= Pizzarias =

American snack chips made from pizza dough

Pizzarias Pizza Chips were a line of snack chips made by the Keebler Company and were developed by Adam Burck, Keebler's New Product Development Manager at the time.

==History==
Pizzarias were made in a novel process from fresh pizza dough and were available in three flavors: Cheese Pizza, Pizza Supreme, and Zesty Pepperoni. Launched in 1991, Pizzarias were reported to be the most successful snack food launch in Keebler's history, earning wholesale revenue of $75 million in their first year. Due to the success of the Pizzarias launch, Keebler was named "New Product Marketer of the Year" in 1992 by the American Marketing Association. Pizzarias also earned a Gold Edison award from the AMA for marketing excellence.
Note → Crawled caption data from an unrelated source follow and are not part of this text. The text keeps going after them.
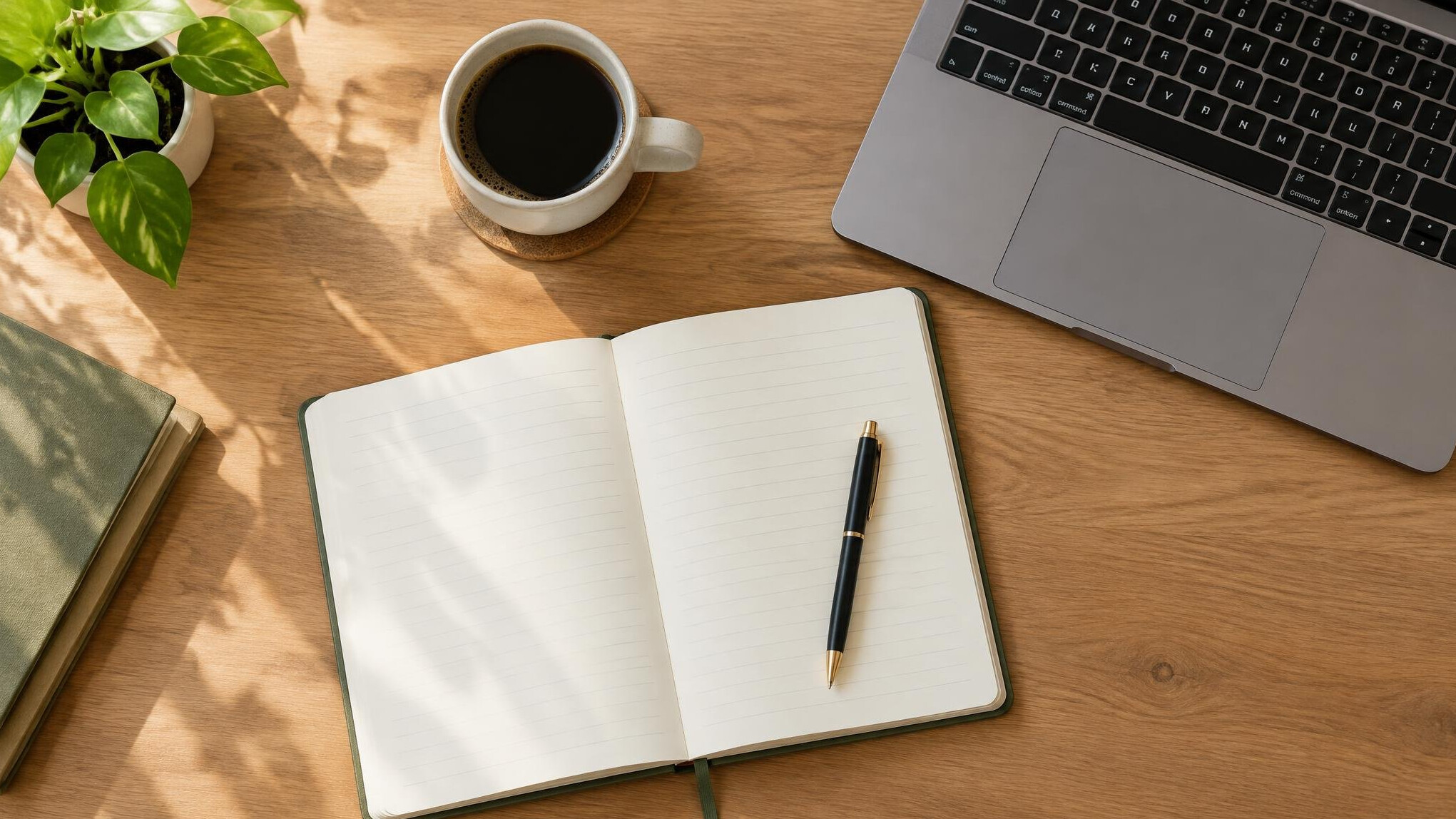 Notebook and pen on a wooden desk with a cup of coffee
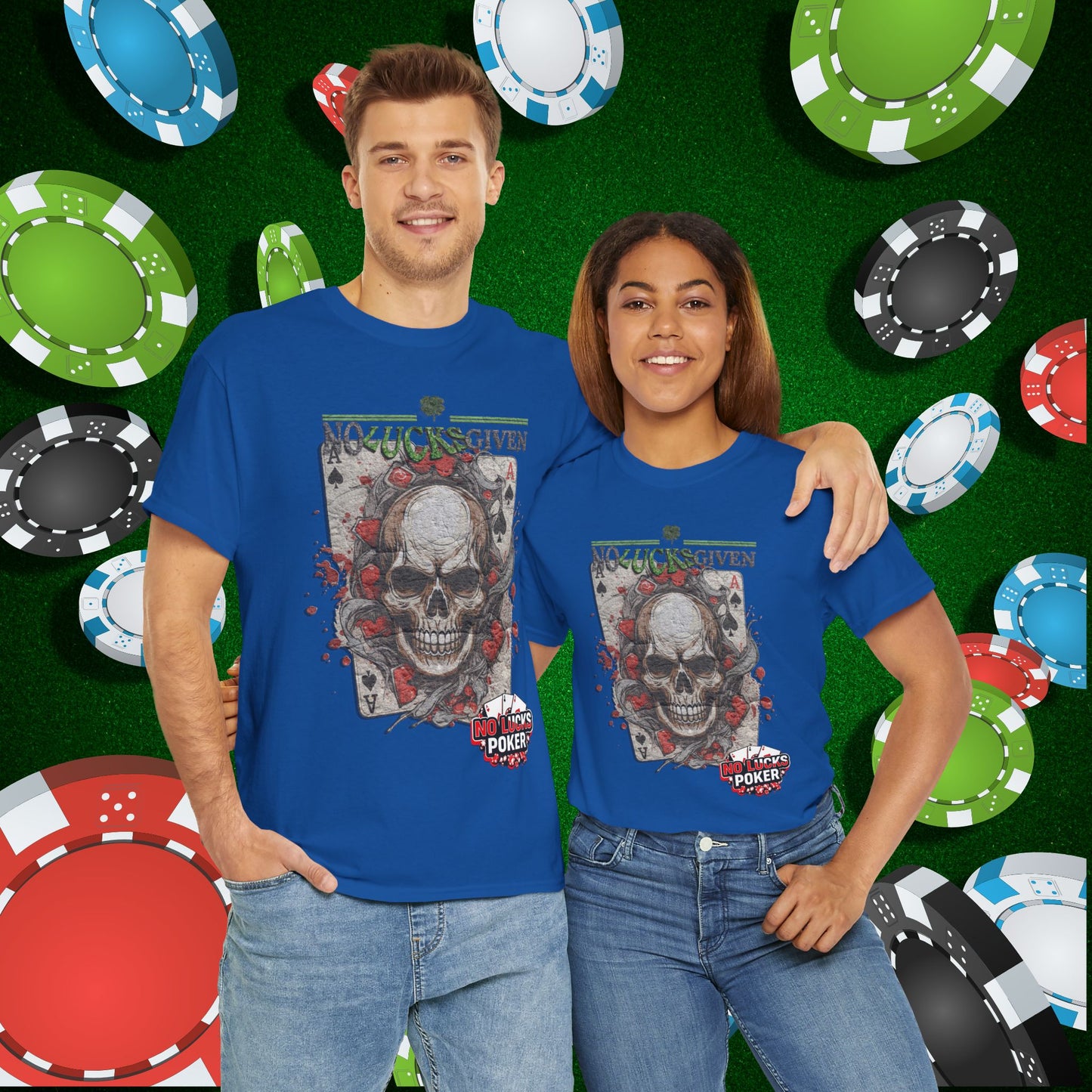 No Lucks Given Skull Breaking thru Ace of Spades T-Shirt Must have Good Luck All-in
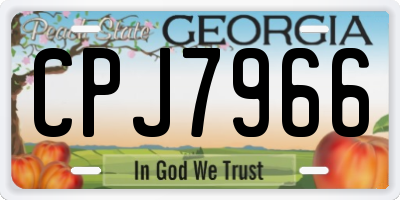GA license plate CPJ7966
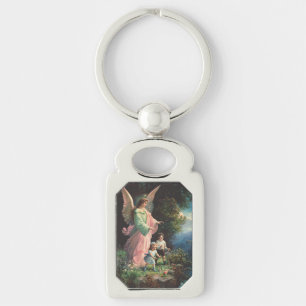 Guardian angel protecting children near a ledge keychain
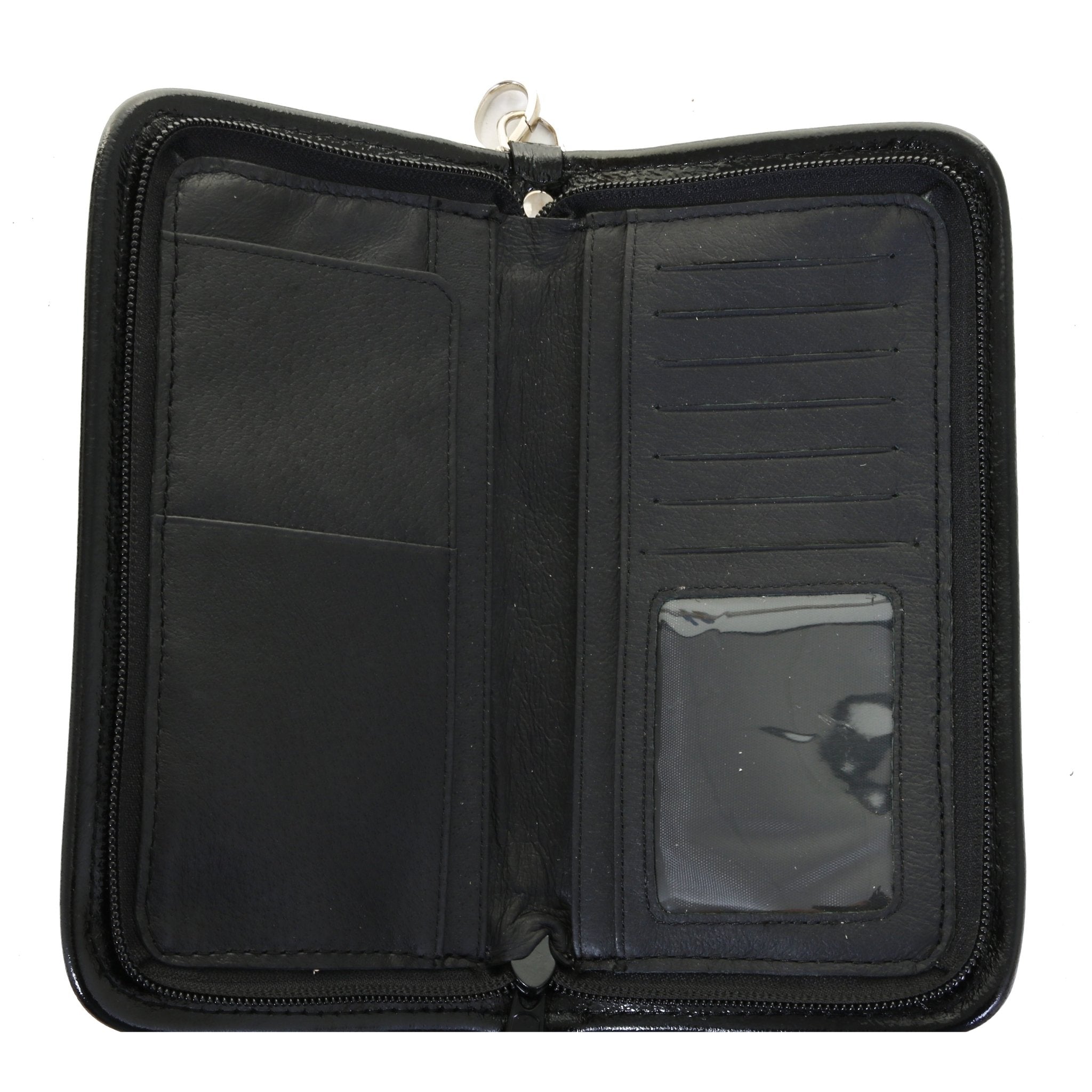 LZW59- Black & Lime Croc Zipper Wallet - Double J Saddlery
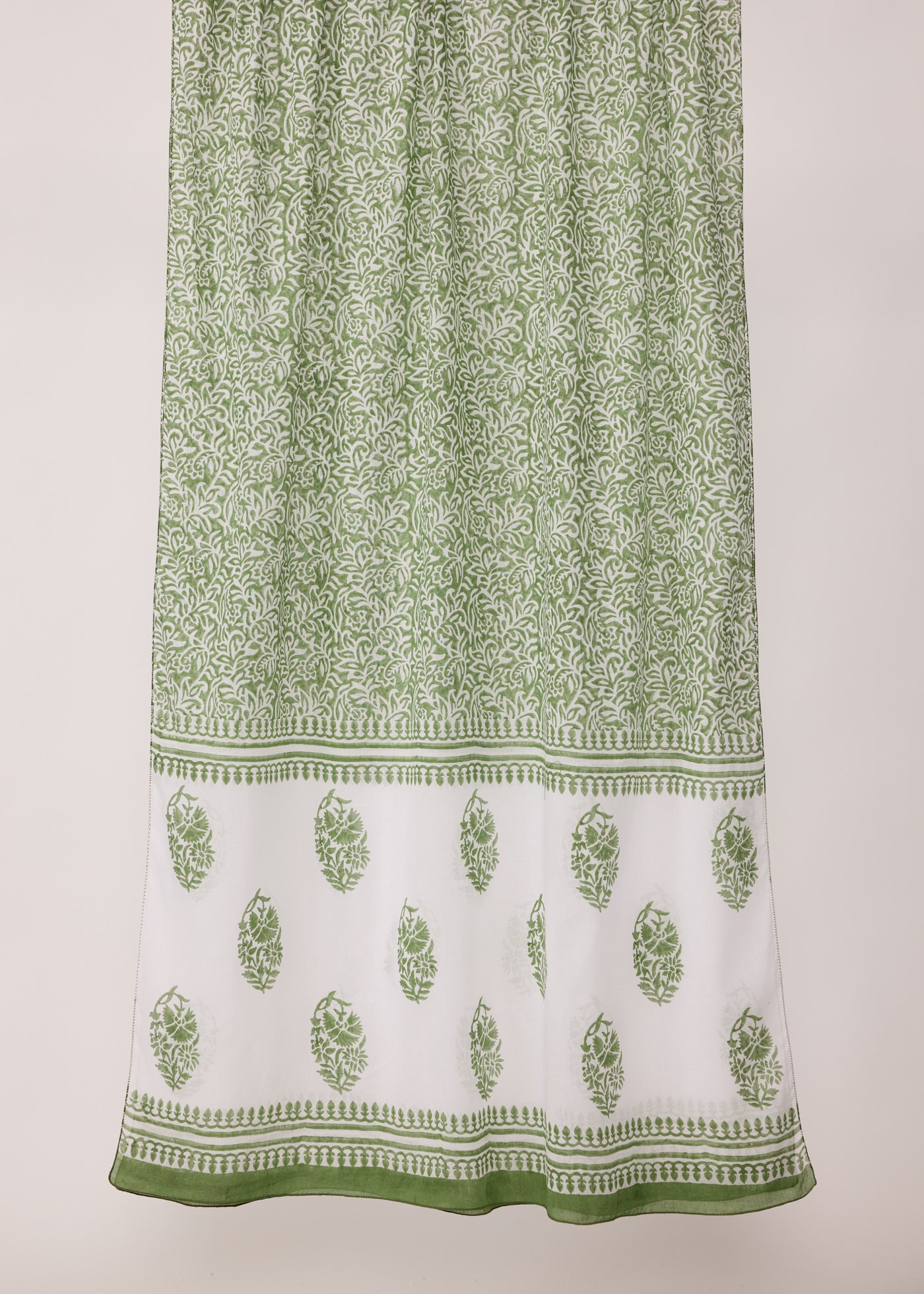 Block Printed Cotton Dupatta - Green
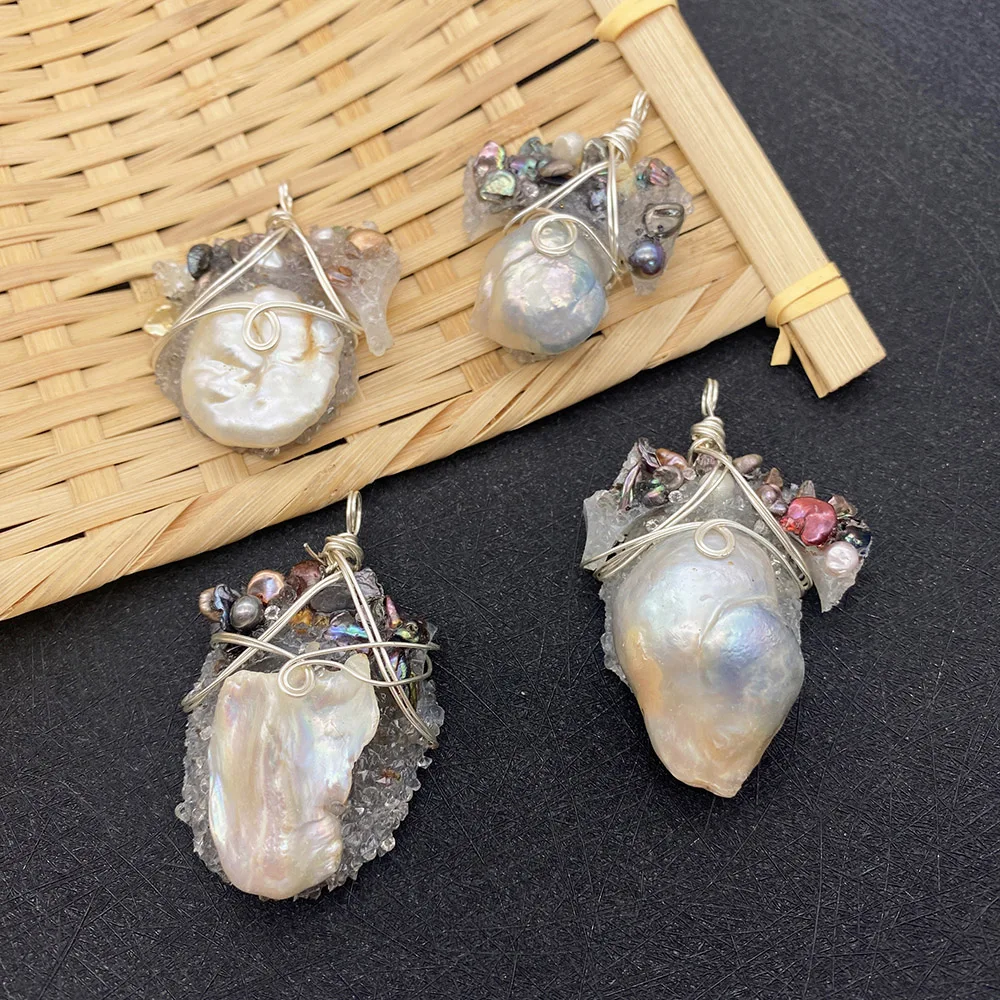 Unique Personalized Natural Freshwater Pearl Pendants Irregular Hand-Wrapped Pearl Charms DIY Necklace Earring Jewelry Accessory
Unique Personalized Natural Freshwater Pearl Pendants Irregular Hand-Wrapped Pearl Charms DIY Necklace Earring Jewelry Accessory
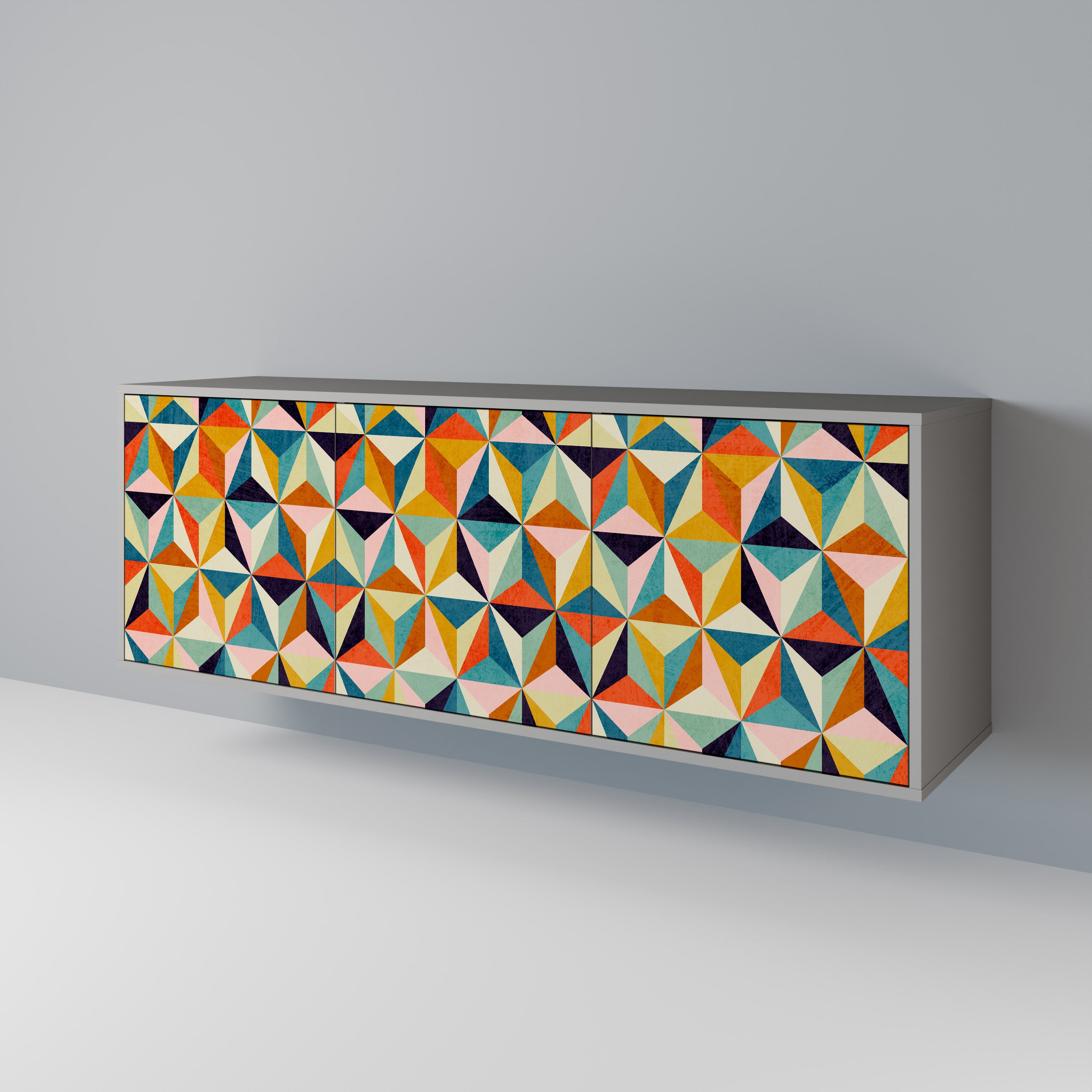 TESSELATE TREASURES Komoda 3-drzwiowa korpus Szary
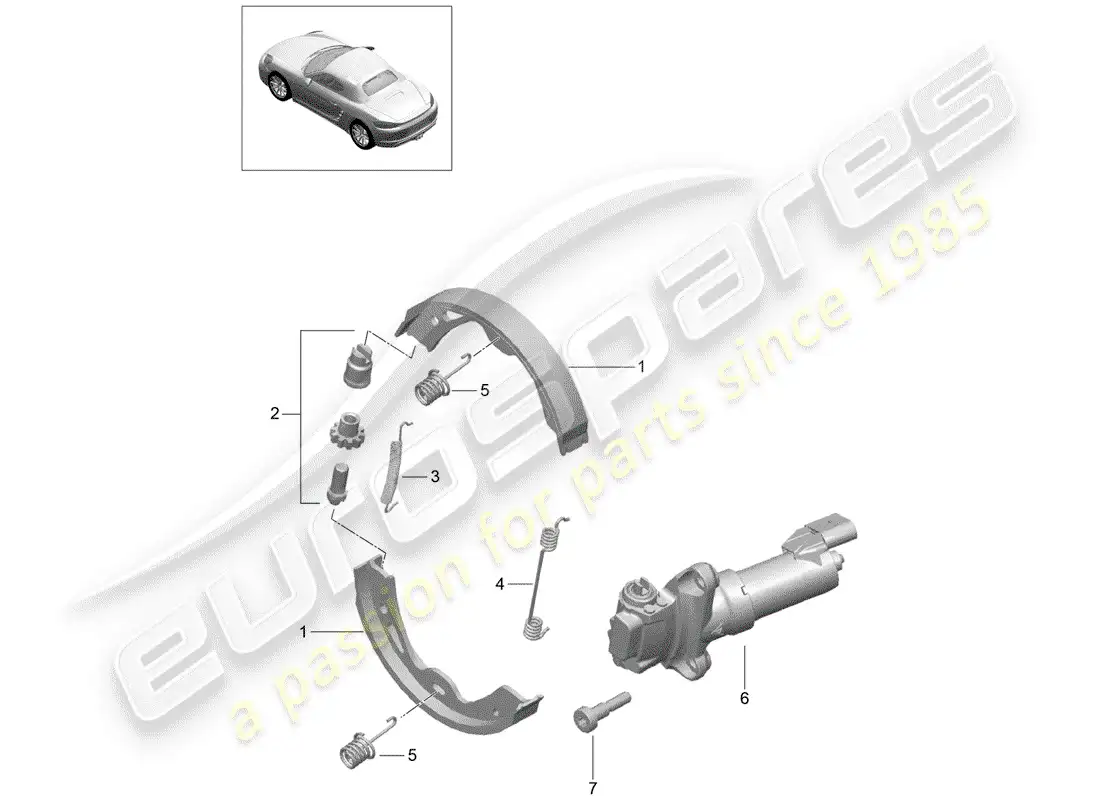 porsche 2018 (718 boxster) parking brake diagrama de piezas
Pizzarias was supported by an extensive marketing campaign, including a series of three television commercials introducing the first teenage Keebler Elves, JJ and Zoot, with slang catchphrases such as "Radical grub!" and the tagline: "Tastes like real pizza, only louder."

Although the brand was ultimately discontinued after the sale and breakup of Keebler in the late 1990s, Pizzarias developed a cult following. At least two Pizzarias fan groups on Facebook, such as "Bring back Pizzaria Chips made by Keebler" and "Bring Keebler Pizzaria's Back" are lobbying Utz Quality Foods, the current owner of the trademark, to relaunch the brand; as of October 2023, the groups had over 10,000 Followers. Retrobrands America LLC has a pending application for the Pizzarias Trademark as of August, 2026.

===Pizzarias in Popular Culture===
Pizzarias were mentioned in the Netflix original series, Everything Sucks! and "rank high on the list of snack foods that still haunt ’90s kids as adults."

In 2017, The Daily Meal included Pizzarias in its list of the most popular snack foods in the last ten decades.